§ Requirement: From the entries below, reproduce exactly the line containing "Coiff en Aspe", the line containing "Sorsenson, Dean - Jazz", and every line in between, with nothing added.

====

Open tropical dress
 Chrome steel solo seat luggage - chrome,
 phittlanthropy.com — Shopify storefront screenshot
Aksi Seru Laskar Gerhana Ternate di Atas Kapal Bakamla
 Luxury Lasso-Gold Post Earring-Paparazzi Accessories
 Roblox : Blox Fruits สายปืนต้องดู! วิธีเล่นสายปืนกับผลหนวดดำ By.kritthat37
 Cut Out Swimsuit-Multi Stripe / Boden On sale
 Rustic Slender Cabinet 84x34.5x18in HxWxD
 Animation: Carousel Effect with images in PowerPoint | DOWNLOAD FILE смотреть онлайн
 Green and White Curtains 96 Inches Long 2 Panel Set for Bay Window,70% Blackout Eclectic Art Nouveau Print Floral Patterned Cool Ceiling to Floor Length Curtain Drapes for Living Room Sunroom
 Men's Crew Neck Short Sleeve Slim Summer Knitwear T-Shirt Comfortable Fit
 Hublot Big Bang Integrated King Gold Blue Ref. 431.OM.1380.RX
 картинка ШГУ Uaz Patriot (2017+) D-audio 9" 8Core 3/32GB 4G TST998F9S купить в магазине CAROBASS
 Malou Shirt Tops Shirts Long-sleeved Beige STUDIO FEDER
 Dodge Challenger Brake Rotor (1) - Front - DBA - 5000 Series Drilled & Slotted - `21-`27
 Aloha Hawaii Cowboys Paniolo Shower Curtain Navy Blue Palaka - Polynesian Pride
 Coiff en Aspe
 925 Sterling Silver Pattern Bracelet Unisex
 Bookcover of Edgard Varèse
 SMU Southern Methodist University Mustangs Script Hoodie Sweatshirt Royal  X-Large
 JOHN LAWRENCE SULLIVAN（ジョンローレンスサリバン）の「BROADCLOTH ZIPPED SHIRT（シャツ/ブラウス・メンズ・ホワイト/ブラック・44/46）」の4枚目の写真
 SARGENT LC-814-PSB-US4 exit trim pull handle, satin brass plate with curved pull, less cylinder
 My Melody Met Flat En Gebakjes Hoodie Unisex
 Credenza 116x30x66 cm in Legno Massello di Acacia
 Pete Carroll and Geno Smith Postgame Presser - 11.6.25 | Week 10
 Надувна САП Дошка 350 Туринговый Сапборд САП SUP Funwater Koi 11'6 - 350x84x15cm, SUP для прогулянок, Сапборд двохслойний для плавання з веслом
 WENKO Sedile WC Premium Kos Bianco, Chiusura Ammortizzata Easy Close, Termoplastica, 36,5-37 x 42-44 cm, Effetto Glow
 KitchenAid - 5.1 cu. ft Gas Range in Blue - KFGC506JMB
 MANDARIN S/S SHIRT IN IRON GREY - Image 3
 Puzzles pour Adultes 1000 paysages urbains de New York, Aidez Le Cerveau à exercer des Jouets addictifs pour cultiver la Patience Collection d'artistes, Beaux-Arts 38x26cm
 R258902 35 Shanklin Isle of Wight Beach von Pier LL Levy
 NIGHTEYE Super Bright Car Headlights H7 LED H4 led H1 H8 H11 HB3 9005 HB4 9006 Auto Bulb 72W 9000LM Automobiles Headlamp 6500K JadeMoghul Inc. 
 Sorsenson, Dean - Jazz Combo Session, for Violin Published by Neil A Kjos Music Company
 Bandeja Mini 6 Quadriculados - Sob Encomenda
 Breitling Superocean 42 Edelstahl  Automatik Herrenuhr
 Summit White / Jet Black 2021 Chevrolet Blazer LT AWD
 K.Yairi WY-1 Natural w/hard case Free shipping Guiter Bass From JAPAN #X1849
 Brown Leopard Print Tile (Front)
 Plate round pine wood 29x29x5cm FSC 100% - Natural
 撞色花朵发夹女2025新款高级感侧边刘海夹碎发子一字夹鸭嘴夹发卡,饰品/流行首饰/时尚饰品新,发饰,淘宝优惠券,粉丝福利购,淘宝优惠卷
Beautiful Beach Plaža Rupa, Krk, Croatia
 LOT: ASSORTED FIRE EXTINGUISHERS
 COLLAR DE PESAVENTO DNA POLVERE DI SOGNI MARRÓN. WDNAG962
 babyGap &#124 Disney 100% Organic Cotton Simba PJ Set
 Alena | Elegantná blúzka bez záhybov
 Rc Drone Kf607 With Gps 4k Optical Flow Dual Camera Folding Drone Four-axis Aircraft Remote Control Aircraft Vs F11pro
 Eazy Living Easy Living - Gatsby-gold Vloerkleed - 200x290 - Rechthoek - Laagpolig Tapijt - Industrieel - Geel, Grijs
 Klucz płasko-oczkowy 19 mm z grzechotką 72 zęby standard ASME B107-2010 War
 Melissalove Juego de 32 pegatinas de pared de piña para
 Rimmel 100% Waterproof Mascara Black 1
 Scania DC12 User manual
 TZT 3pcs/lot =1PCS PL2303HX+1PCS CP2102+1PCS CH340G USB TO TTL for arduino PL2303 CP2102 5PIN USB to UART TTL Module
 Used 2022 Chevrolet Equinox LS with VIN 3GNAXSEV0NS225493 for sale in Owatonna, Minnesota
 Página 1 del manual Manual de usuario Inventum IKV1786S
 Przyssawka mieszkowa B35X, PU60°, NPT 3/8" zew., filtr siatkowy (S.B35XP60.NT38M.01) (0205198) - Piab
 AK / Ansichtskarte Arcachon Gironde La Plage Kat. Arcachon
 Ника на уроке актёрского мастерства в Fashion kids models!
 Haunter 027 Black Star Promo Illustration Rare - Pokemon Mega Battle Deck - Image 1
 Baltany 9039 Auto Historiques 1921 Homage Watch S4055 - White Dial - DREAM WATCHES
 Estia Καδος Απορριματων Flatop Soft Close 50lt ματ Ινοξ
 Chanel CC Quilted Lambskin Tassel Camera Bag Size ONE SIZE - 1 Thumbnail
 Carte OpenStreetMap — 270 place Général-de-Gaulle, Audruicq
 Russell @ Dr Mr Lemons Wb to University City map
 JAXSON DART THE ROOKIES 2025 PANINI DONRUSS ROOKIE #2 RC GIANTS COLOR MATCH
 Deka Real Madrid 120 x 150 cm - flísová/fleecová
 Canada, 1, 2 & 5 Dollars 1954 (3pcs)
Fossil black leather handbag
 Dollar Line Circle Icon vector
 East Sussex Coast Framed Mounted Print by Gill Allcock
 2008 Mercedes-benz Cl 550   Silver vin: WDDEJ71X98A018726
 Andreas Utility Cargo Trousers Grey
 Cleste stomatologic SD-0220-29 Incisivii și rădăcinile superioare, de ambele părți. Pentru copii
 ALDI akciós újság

====

§ Exercise answer:
 Coiff en Aspe
 925 Sterling Silver Pattern Bracelet Unisex
 Bookcover of Edgard Varèse
 SMU Southern Methodist University Mustangs Script Hoodie Sweatshirt Royal  X-Large
 JOHN LAWRENCE SULLIVAN（ジョンローレンスサリバン）の「BROADCLOTH ZIPPED SHIRT（シャツ/ブラウス・メンズ・ホワイト/ブラック・44/46）」の4枚目の写真
 SARGENT LC-814-PSB-US4 exit trim pull handle, satin brass plate with curved pull, less cylinder
 My Melody Met Flat En Gebakjes Hoodie Unisex
 Credenza 116x30x66 cm in Legno Massello di Acacia
 Pete Carroll and Geno Smith Postgame Presser - 11.6.25 | Week 10
 Надувна САП Дошка 350 Туринговый Сапборд САП SUP Funwater Koi 11'6 - 350x84x15cm, SUP для прогулянок, Сапборд двохслойний для плавання з веслом
 WENKO Sedile WC Premium Kos Bianco, Chiusura Ammortizzata Easy Close, Termoplastica, 36,5-37 x 42-44 cm, Effetto Glow
 KitchenAid - 5.1 cu. ft Gas Range in Blue - KFGC506JMB
 MANDARIN S/S SHIRT IN IRON GREY - Image 3
 Puzzles pour Adultes 1000 paysages urbains de New York, Aidez Le Cerveau à exercer des Jouets addictifs pour cultiver la Patience Collection d'artistes, Beaux-Arts 38x26cm
 R258902 35 Shanklin Isle of Wight Beach von Pier LL Levy
 NIGHTEYE Super Bright Car Headlights H7 LED H4 led H1 H8 H11 HB3 9005 HB4 9006 Auto Bulb 72W 9000LM Automobiles Headlamp 6500K JadeMoghul Inc. 
 Sorsenson, Dean - Jazz Combo Session, for Violin Published by Neil A Kjos Music Company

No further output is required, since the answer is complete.